Srinagar: Gandhi Shilp Bazaar’ has brought together 100 artisans from different parts of the country to showcase India’s varied handicraft products.
From famous Khurja pottery to Nagpur jewelry and from sozni’ to crewel, craftsmen are trying to reach a wide array of people to promote their art.
Authorities say such events help connect J&K’s artisans’ community with their counterparts in other parts of countries and besides generating employment, it helps in increasing footfalls of visitors.
“This event is connecting J&K with other parts as the exhibition is displaying products of artisans from different states like Rajasthan, Uttar Pradesh, Tamil Nadu, etc. Several local artisans too have displayed their goods. Such exhibitions also increase footfall. Besides locals, tourists too are coming to buy Kashmir products,” Director, Handicrafts and Handloom, Kashmir, Mahmood Ahmad Shah told The Kashmir Monitor.
The exhibition is being held at the Kashmir Haat here and the Office of the Development Commissioner Handicrafts is organizing the event. The 10-day-long event will conclude on October 18.
Though artisans from outside J&K have displayed their products at the Kashmir Haat in the past as well, Raja Rahil Rashid, Assistant Director, Handicrafts Service Centre said this was the first event of its kind.
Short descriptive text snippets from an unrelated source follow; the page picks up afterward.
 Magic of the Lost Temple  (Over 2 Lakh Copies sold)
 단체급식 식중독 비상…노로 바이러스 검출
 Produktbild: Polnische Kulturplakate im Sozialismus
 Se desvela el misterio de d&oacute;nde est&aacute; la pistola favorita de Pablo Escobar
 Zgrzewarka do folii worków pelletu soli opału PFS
“For the first time ever, we have organized Gandhi Shilp Bazaar here even though it is regularly organized in other parts of the country. We have set up 100 stalls as 100 artisans from different states have been invited for the exhibition and sale of their products. There are around 60 crafts on display. Khurja pottery is the main attraction and then there is Nagpur jewelry, Saharanpur wood carving, and Kashmir’s sozni, crewel, papier mache, etc. We are hopeful that this exhibition will become a regular feature in the future,” Rashid said.
He said they also wanted to give a message to the local youth through this exhibition.
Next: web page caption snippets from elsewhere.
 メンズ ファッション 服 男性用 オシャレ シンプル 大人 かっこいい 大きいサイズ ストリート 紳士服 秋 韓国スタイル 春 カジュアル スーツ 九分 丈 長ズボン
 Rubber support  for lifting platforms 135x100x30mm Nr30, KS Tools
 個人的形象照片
“Events like this help in employment generation and it sends a message to the local youth involved in Kashmir handicrafts. Right now, we are holding this exhibition here and tomorrow it will be held outside (J&K) where we will give the local youth a chance to showcase their products. We are also hopeful that it becomes a regular feature in Kashmir,” he said.
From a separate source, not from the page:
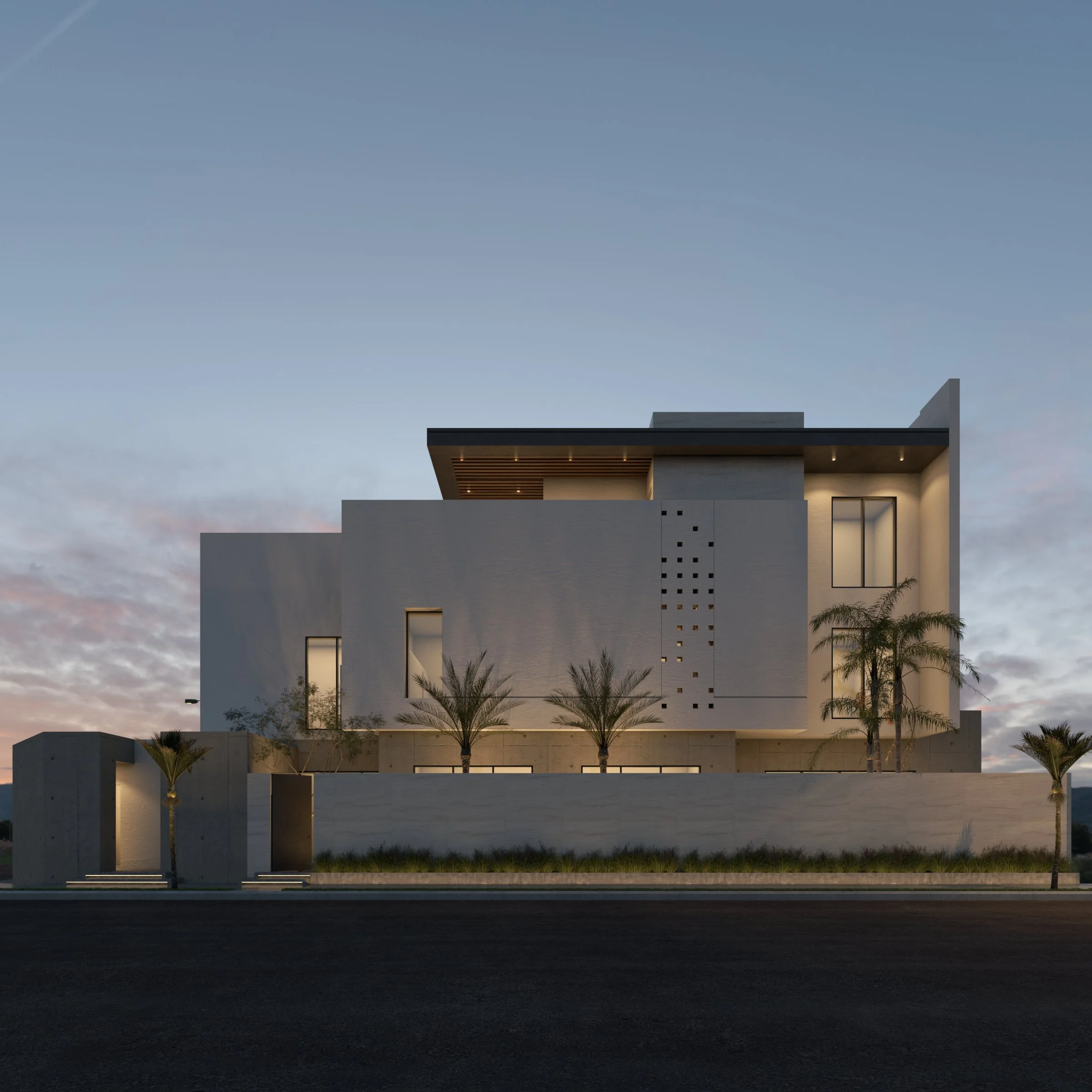 فيلا سكنية 700 م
Ghulam Mohinuddin Rather, secretary of the Sabzar Social Welfare Society said the artisans were selling the goods at reasonable rates.
“After lots of effort, we finally got this exhibition here… Kashmir main pehli baar, Gandhi Shilp Bazaar. Handicrafts from several other states are being sold here at reasonable rates. There is no need for people in Kashmir to go outside to buy products like juti and so many other products,” he said.